(Extracted records Opens)

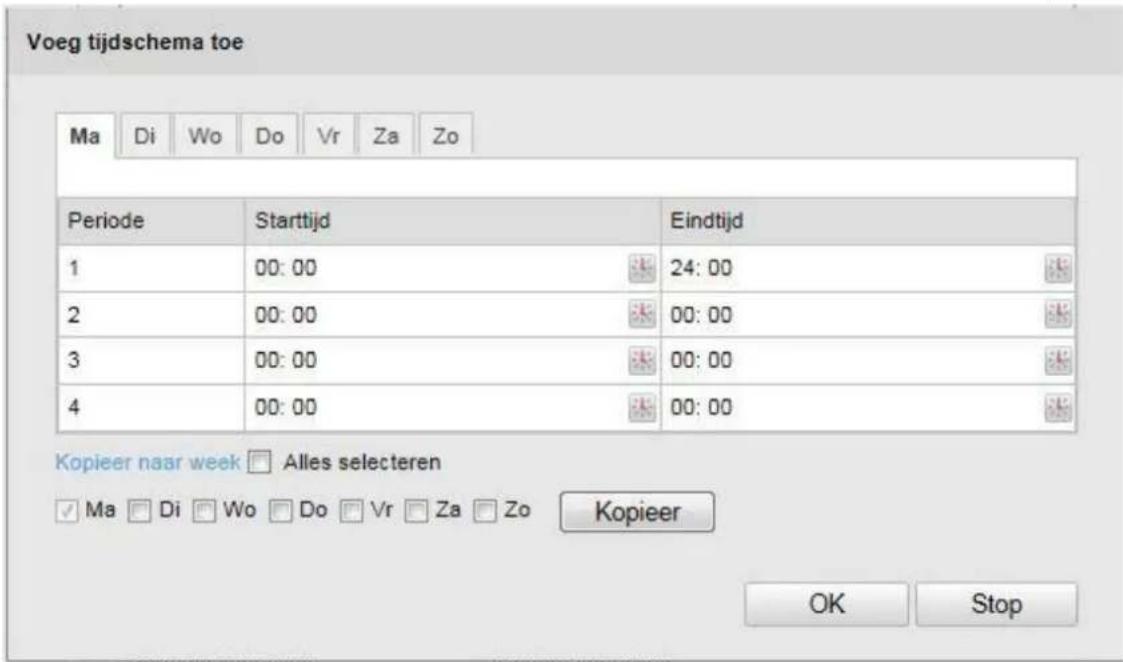 Voeg tijdschema toe Ma Di Wo Do Vr Za Zo Periode Starttijd Eindtijd 1 00:00 24:00 2 00:00 00:00 3 00:00 00:00 4 00:00 00:00 Kopieer naar week □ Alles selecteren ✓ Ma □ Di □ Wo □ Do □ Vr □ Za □ Zo Kopieer OK Stop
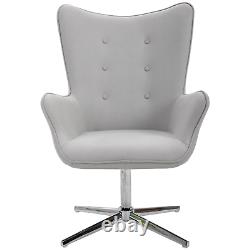 Retro Accent Armchair Grey Tufted Swivel Home Office Chair PU Leather Padded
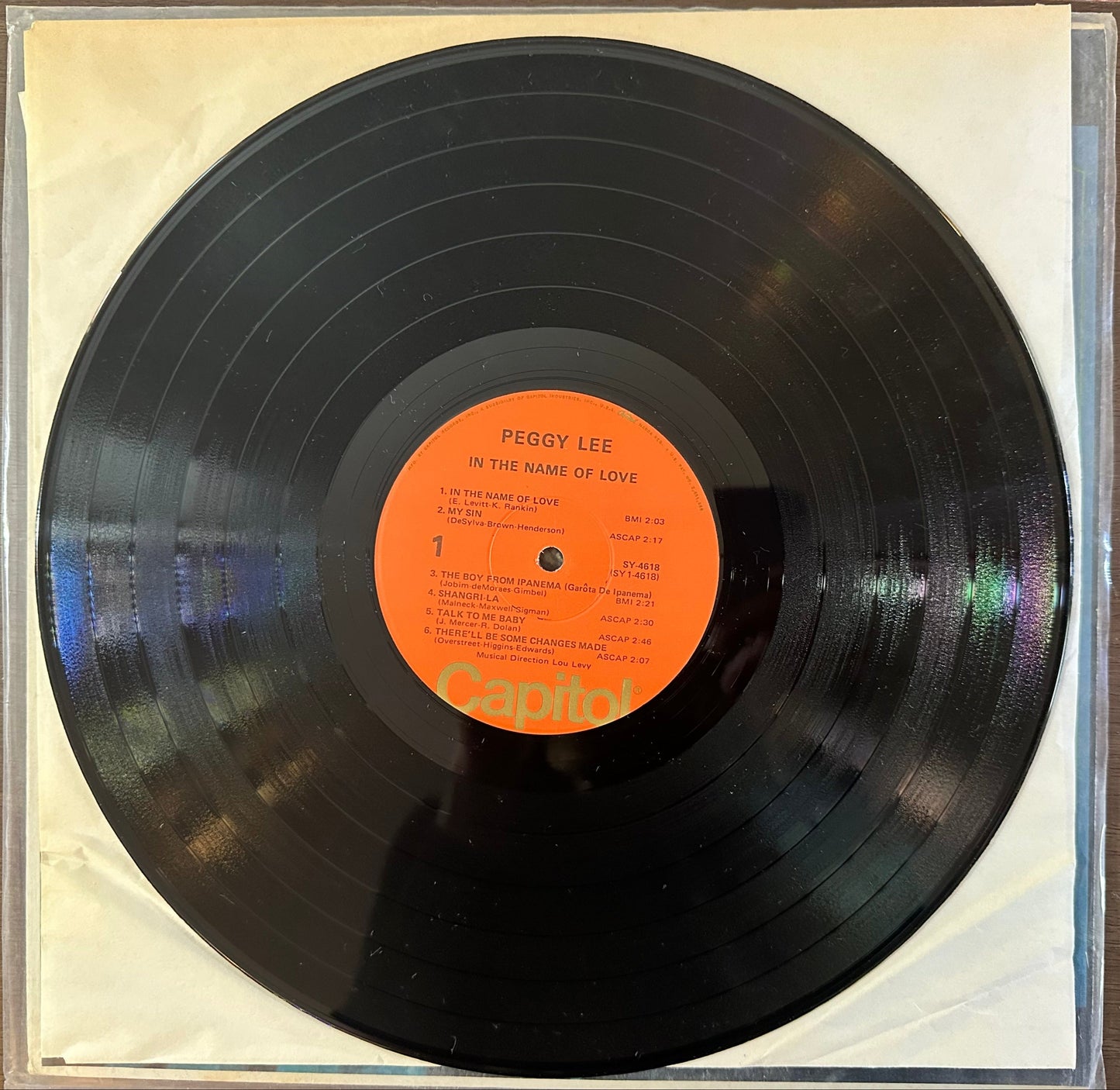 Peggy Lee ~ In The Name Of Love ~ 1974 Capitol Records – SY-4618 VG+ NM Vinyl
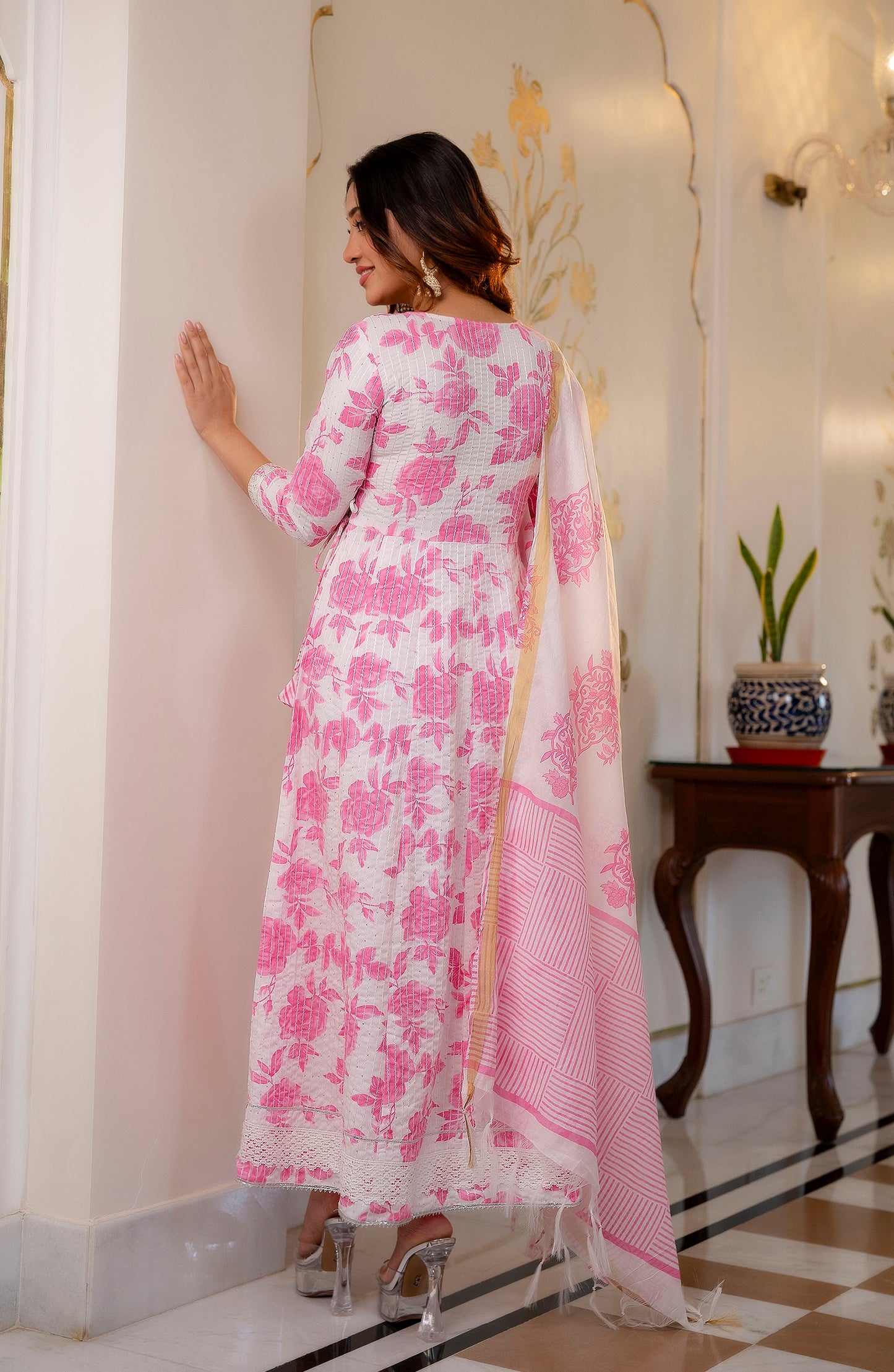 Rosy Women Pink And White Printed Viscose Rayon Kurta, Pant And Dupatta Set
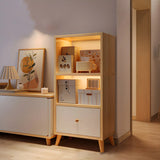 Closed Back Vertical Rustic Wooden Storage Bookcase Image - 14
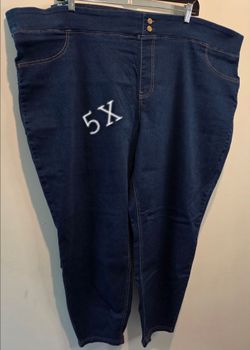 5X Dark Wash Mid Rise Skinny Jeggings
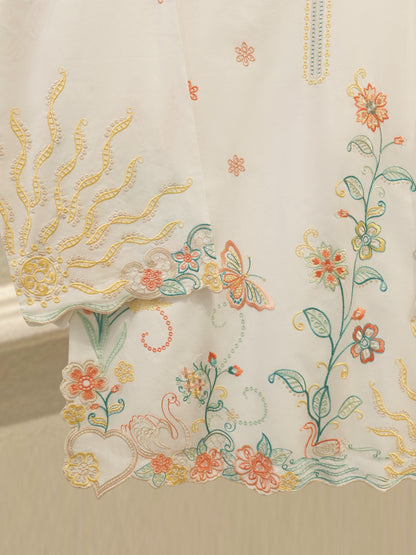 2 Piece - Embroidered Cambric Suit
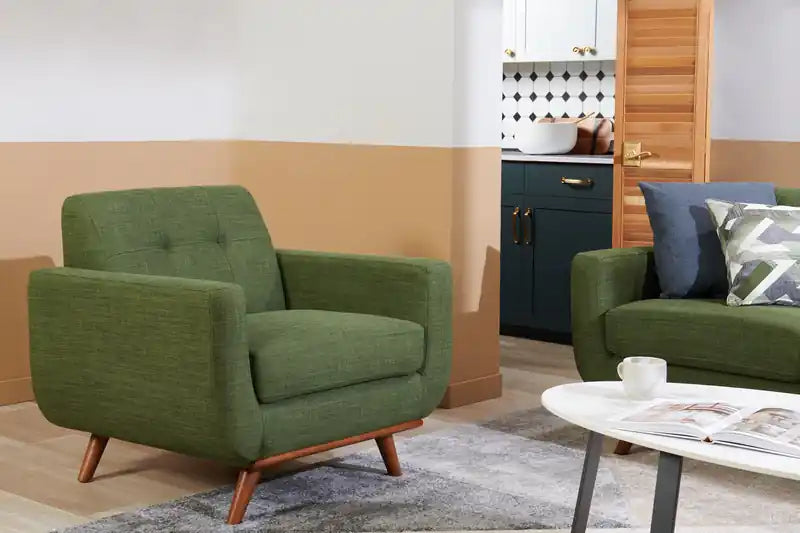 37 Chaise en tissu effet lin avec pieds en bois et coussin de dossier touffeté - Vert avocat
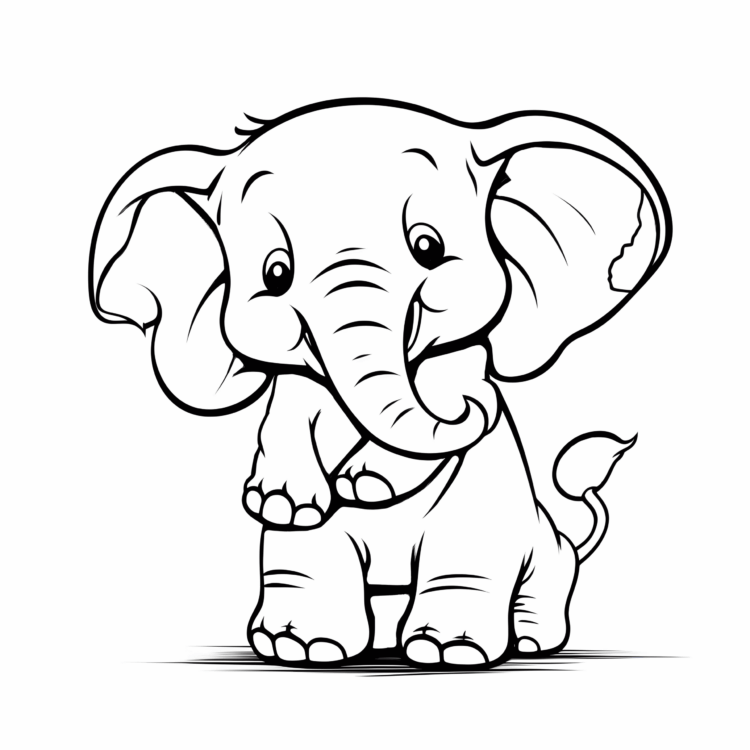 Coloring picture charming elephant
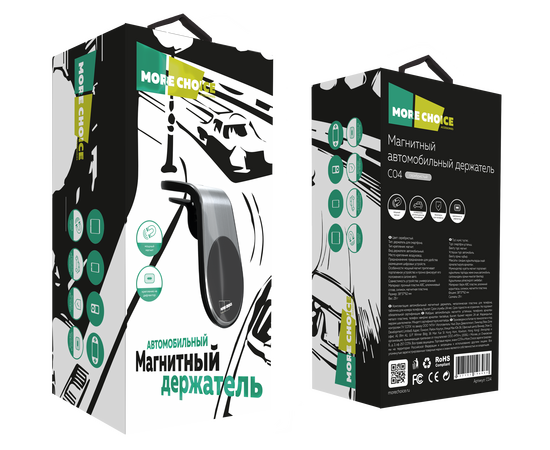  Держатель авто магнитный More Choice C04 (Silver)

(Extracted records Closes)

Problem to work on: Repeat the records word for word. Any picture in them should be left out.

Exercise solution:
 Voeg tijdschema toe Ma Di Wo Do Vr Za Zo Periode Starttijd Eindtijd 1 00:00 24:00 2 00:00 00:00 3 00:00 00:00 4 00:00 00:00 Kopieer naar week □ Alles selecteren ✓ Ma □ Di □ Wo □ Do □ Vr □ Za □ Zo Kopieer OK Stop
 Retro Accent Armchair Grey Tufted Swivel Home Office Chair PU Leather Padded
 Peggy Lee ~ In The Name Of Love ~ 1974 Capitol Records – SY-4618 VG+ NM Vinyl
 Rosy Women Pink And White Printed Viscose Rayon Kurta, Pant And Dupatta Set
 Closed Back Vertical Rustic Wooden Storage Bookcase Image - 14
 5X Dark Wash Mid Rise Skinny Jeggings
 2 Piece - Embroidered Cambric Suit
 37 Chaise en tissu effet lin avec pieds en bois et coussin de dossier touffeté - Vert avocat
 Coloring picture charming elephant
  Держатель авто магнитный More Choice C04 (Silver)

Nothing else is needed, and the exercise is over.